El Municipio va por los terrenos fiscales
La emergencia habitacional que atraviesa San Pedro necesita políticas activas y decisiones urgentes. Más allá de las promesas electorales, oficialismo y oposición coincidieron en la necesidad de recuperar tierras ocupadas por privados para volcarlas a la creación de barrios. El Frente para la Victoria investiga la legislación existente y el Gobierno busca herramientas para disponer de terrenos. El caso del predio detrás de Papel Prensa cedido por más de diez años.
:format(webp):quality(40)/https://opinionsemanariocdn.eleco.com.ar/media/2020/08/13492646781033371645.jpg)

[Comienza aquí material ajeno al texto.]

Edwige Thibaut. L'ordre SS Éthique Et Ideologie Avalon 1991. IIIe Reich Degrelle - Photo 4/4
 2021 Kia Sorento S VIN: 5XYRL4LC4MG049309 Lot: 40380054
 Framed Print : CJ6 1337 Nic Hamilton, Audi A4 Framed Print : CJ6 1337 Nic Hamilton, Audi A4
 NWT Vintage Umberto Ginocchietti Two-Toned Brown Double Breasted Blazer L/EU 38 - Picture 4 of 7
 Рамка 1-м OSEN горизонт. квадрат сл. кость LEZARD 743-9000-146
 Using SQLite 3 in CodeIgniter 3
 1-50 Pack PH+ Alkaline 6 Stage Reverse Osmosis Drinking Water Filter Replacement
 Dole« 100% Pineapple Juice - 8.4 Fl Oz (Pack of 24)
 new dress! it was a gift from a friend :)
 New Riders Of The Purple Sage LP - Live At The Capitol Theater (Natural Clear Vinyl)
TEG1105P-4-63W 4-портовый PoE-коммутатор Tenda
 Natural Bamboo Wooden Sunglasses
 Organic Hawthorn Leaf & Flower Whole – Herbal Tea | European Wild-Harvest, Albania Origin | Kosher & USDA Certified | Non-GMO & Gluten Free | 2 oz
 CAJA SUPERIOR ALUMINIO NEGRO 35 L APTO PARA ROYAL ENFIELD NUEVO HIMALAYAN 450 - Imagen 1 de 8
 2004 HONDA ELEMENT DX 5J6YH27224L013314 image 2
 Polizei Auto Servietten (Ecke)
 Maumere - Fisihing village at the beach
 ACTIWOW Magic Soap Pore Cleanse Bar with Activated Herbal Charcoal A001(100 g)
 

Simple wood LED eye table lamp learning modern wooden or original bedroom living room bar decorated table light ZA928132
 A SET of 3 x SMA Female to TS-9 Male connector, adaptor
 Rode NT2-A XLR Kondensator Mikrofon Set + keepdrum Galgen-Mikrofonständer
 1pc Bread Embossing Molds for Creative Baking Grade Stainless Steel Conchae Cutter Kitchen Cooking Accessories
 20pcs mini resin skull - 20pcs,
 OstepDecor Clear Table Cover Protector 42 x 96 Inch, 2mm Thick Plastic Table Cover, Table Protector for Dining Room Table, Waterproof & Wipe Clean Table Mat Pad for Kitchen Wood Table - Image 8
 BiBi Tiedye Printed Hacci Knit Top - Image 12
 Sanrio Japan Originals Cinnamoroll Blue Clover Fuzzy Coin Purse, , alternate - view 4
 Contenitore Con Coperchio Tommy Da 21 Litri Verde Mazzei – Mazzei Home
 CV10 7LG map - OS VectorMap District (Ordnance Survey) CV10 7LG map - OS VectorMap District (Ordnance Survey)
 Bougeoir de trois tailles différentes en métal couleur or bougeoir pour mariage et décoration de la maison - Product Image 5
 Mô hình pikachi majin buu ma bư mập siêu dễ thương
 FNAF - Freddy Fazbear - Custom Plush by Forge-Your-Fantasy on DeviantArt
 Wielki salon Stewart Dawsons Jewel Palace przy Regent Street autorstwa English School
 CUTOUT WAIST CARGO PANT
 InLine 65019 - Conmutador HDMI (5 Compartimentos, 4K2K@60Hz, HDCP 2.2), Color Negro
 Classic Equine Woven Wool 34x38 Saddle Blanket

En las calles sampedrinas retumban las palabras del dirigente social Raúl Castells, quien supo gritar a viva voz que esta ciudad es “la capital nacional del negocio inmobiliario”. Sin planes de vivienda desde la usurpación del San Francisco en 2007, con promesas que se diluyen luego de cada campaña, programas que Scioli anuncia y reanuncia, el Procrear que despierta esperanzas en cada sorteo, la población mira a su alrededor en busca de un pedazo de tierra donde soñar el techo propio.
Mientras en la Legislatura bonaerense ingresaba el proyecto de ley de acceso justo al hábitat, que contempla la generación de proyectos habitacionales, de urbanizaciones sociales y de procesos de regularización de barrios, e incluye la cesión de un diez por ciento de las tierras de todo emprendimiento tipo country, en San Pedro reavivaron la polémica por los terrenos fiscales existentes y en muchos casos usurpados por privados que intentan hacerlos propios.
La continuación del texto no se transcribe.